(WHAT TO PRODUCE):
Print the listing below only from the line that has "Bag | Shopbop" through the line that has "Шевроле Авео, объемом", exactly, and drop any picture.

(EXERCISE MATERIALS):
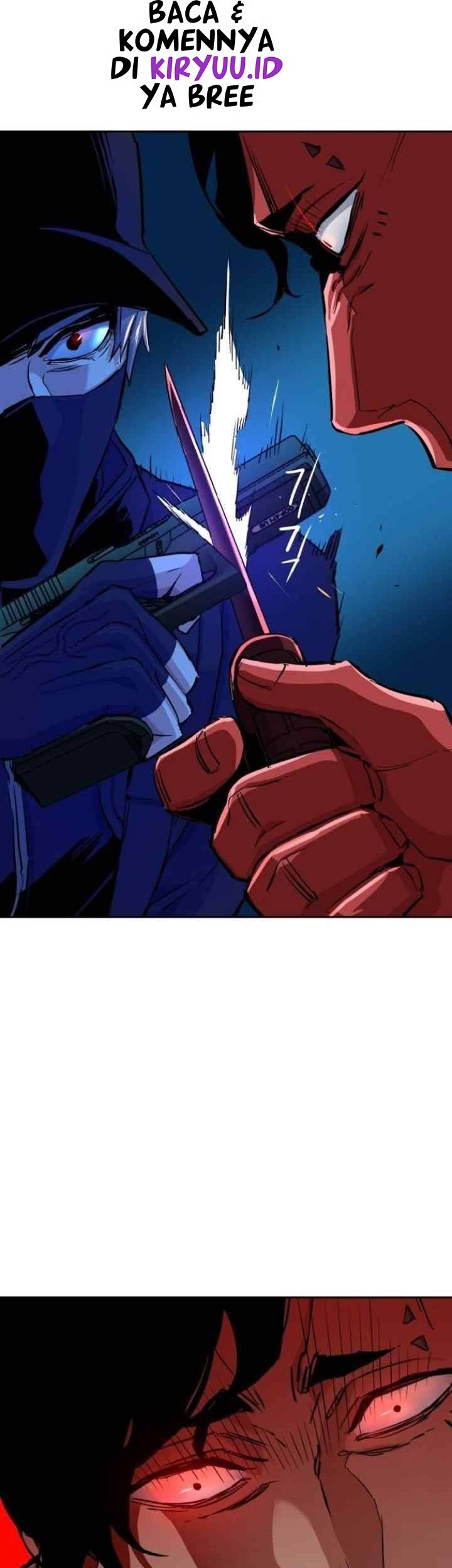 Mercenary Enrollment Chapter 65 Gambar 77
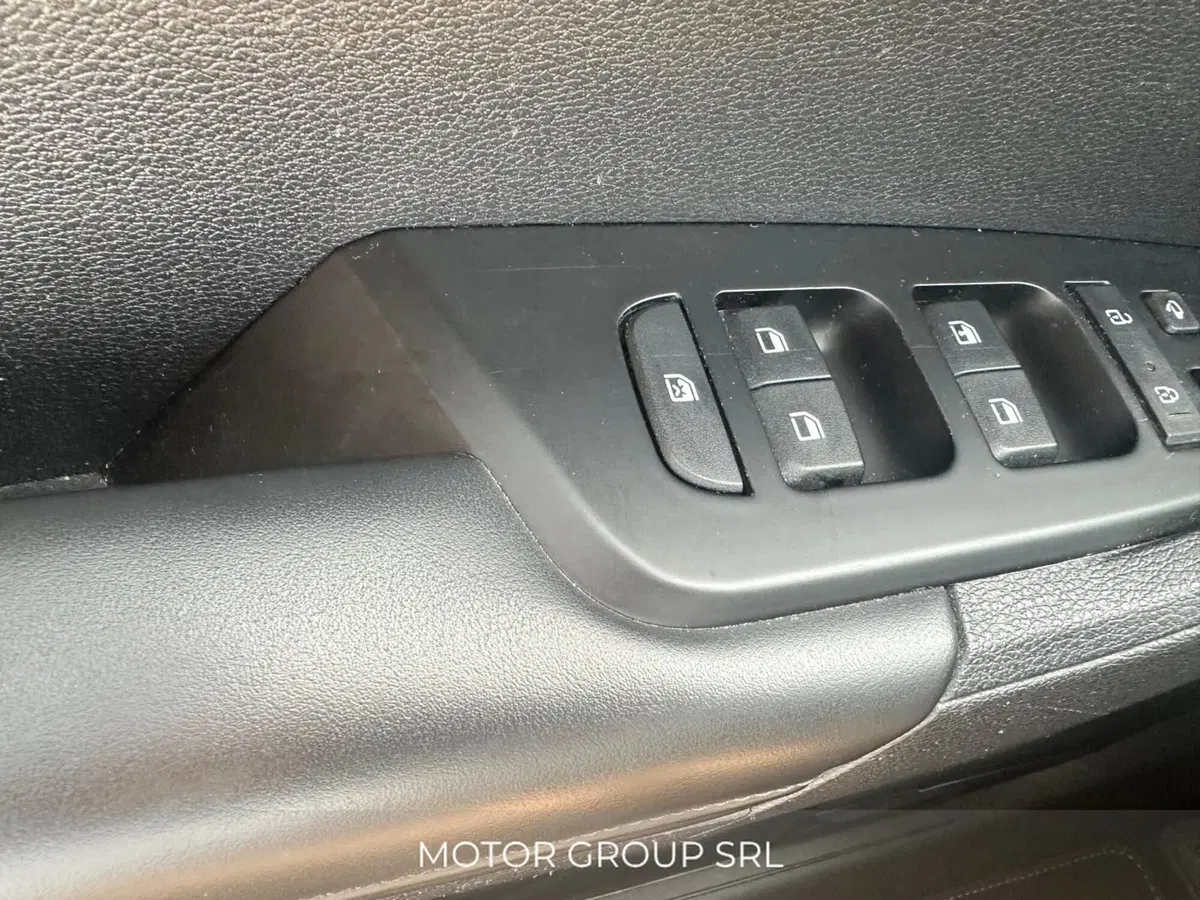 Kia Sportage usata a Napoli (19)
---
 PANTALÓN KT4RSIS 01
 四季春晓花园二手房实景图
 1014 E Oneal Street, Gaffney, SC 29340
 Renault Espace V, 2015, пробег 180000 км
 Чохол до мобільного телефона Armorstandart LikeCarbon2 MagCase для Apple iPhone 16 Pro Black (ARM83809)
* * *
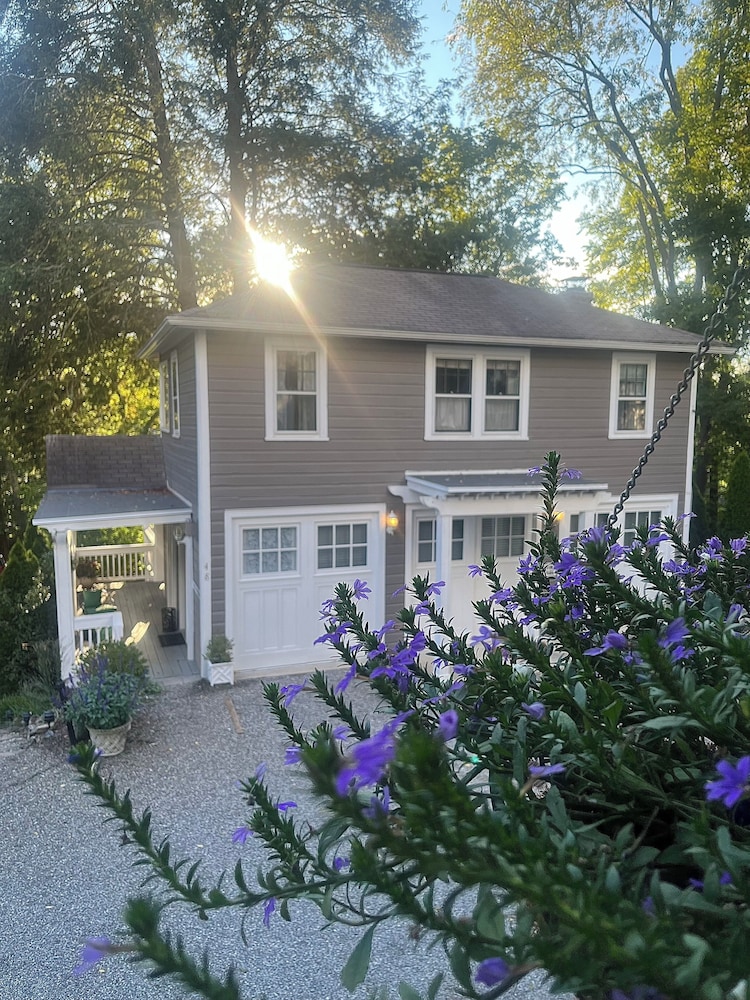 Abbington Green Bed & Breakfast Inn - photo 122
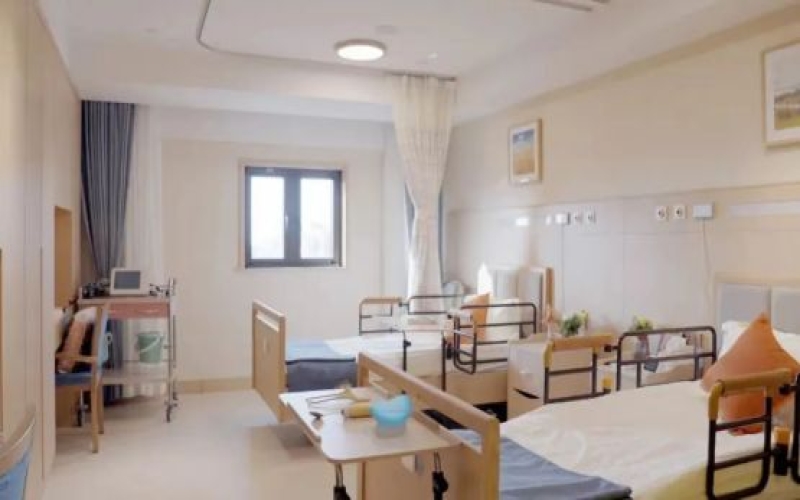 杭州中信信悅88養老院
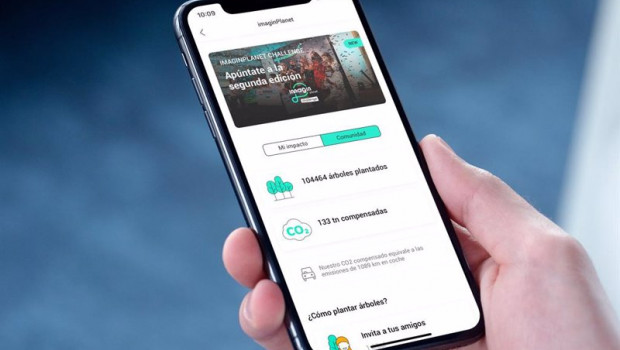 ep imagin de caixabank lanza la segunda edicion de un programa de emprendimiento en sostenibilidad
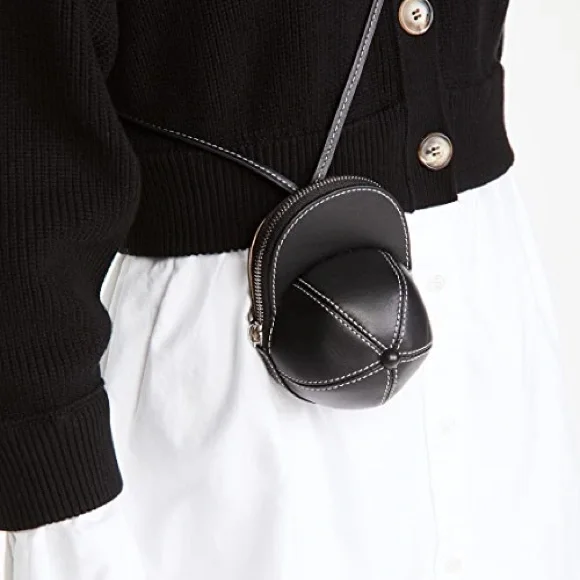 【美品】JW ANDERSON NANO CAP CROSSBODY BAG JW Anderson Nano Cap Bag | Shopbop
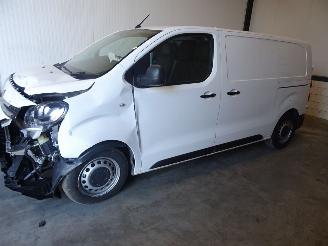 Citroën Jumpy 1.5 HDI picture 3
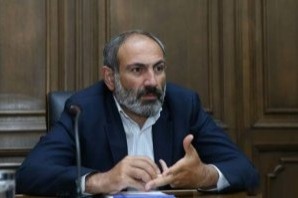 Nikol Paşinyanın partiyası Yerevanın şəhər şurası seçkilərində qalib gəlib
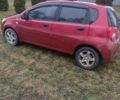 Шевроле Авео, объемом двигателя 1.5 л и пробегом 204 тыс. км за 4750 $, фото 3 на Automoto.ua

(TASK OUTPUT):
 【美品】JW ANDERSON NANO CAP CROSSBODY BAG JW Anderson Nano Cap Bag | Shopbop
 Citroën Jumpy 1.5 HDI picture 3
 Nikol Paşinyanın partiyası Yerevanın şəhər şurası seçkilərində qalib gəlib
 Шевроле Авео, объемом двигателя 1.5 л и пробегом 204 тыс. км за 4750 $, фото 3 на Automoto.ua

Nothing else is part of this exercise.